The low word of the product can be read in the input cycle and at the conditional addresses 1100, 1110, while additionally, the low bits of the product are recorded in block 15, and in the second case the third register 16 is also reset. If only the value of the high 16 is required the output of the product, the second reading (the last transfer) is not necessary, which reduces the exchange by one transfer.

In the case of a high-speed microcomputer, the third transfer may begin before the completion of multiplication in block 13, but this will not disrupt the operation of the device, since in this case, the output of block 13 is present O until the multiplication is completed. The reception of the code in the first register 10 and the generation of signals at the output of the microcommand memory block 11 will be similar, but O from the output. The readiness of block 13 prohibits the generation of an answer signal on the NAND 4. Element after the multiplication operation is completed in block 13 and the operation 1 occurs. at the Ready of block 13 output, the operation code is received from the two lower bits of the control input of block 13, the high word of the product is read to the second input / output of block 13 and transmitted to the computer via the transceiver 17, and a signal is generated AND-NOT 4, and then the transfer is completed in the standard way (as the output cycle from a computer).

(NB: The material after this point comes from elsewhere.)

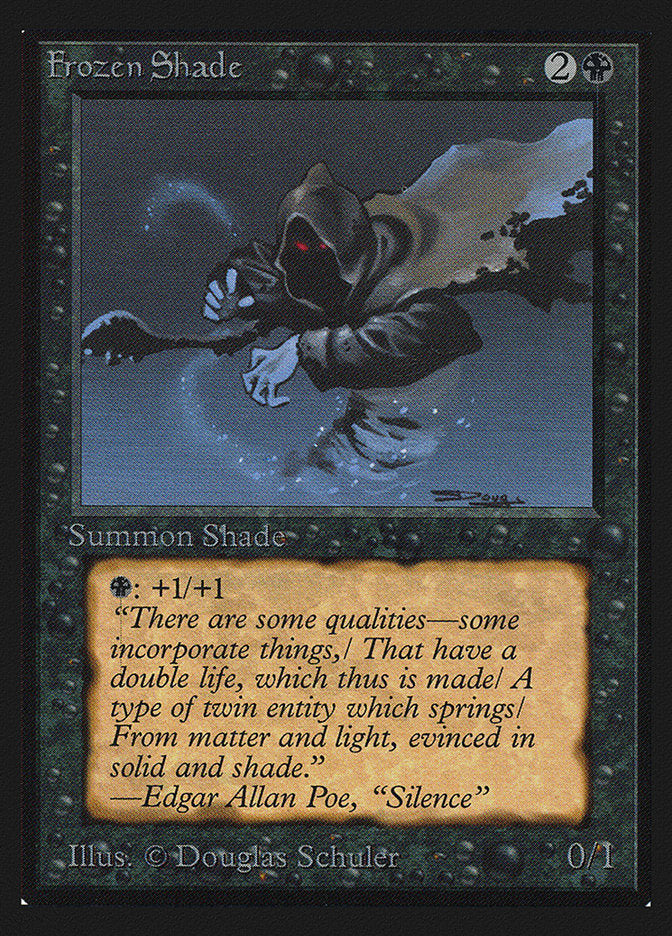Frozen Shade [International Collectors' Edition] Magic: The Gathering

The multiplication of fractional numbers is performed similarly to the multiplication of integers, except that the device is multiplied in the output loop by address 1010.

When squaring the device, send one operand and read the result. When squaring integers, the operand is transferred from the computer in the Output loop. As a result, the microinstructions memory unit 11 generates zero signals at the outputs of bits 3, 4, 14, 15 and 16, and the operand is recorded through the transceiver 17 into the second register 14, read resolution of the second register 14, receiving the operand being squared into the block 13 and the launch of the execution of multiplication is similar to the multiplication considered. Reading the result is also done in the same way as after multiplying.

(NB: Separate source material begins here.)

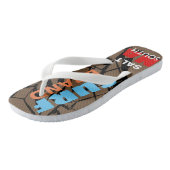 NaCL SURF WAIKIKI Badesandalen (Schrägansicht)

When squaring fractional numbers, the operand is sent in an output loop to the conditional address 1011.

To perform a division into a device, it is necessary to send the upper and lower words of the dividend, the divisor, read the quotient and

if necessary, also a residue and ensure that there is no overflow during division. Before the division operation is performed, the code 1 is sent to block 5

interrupts in the output loop (enable interrupt bypass). This transfer may be performed once at the start of the operation. When the division operation is executed, the spread word of the dividend is sent to the device in the computer output cycle, the microcommand memory block 11 generates low levels at the 16th bit output and is received via transceiver 17 into block 13 from the second higher input / output

5 words divisible. After that, the lower word of the dividend in the computer output cycle is sent to the device and it is recorded in the second register 14. Then the divider is sent in the computer output cycle, low levels are generated at the outputs of 4.15 and 16th bits of the microcommand memory block 11, reading the second register 14, with the divider 13 low word divisible from the first input-output divider via transceiver 17 and from the second input / output of block 13 of the operation code from the two lower bits of the control input, after which the block 13 is turned on to perform the division operation . During the execution of the division, after the delay of the recording time in block 13 and the generation of a signal on the second delay element 9 and the NAND element 4, the output of the block 13 is on output, which is removed only after completion

5 perform the division operation.

The next time the computer is accessed in the input cycle, the reading of the private will be performed (performed similarly to reading the higher-order product). If nessesary,

0 then the next time the device is accessed, the remainder of the division is read in the output cycle.

If during the execution of the division in block 13 (when the divisor is less than or equal to

5 divisible) overflow occurs, then 1 is generated at the overflow output of block 13, which enters interrupt block 5, which runs a typical interruption cycle with transmission to the computer of the interrupt address vector.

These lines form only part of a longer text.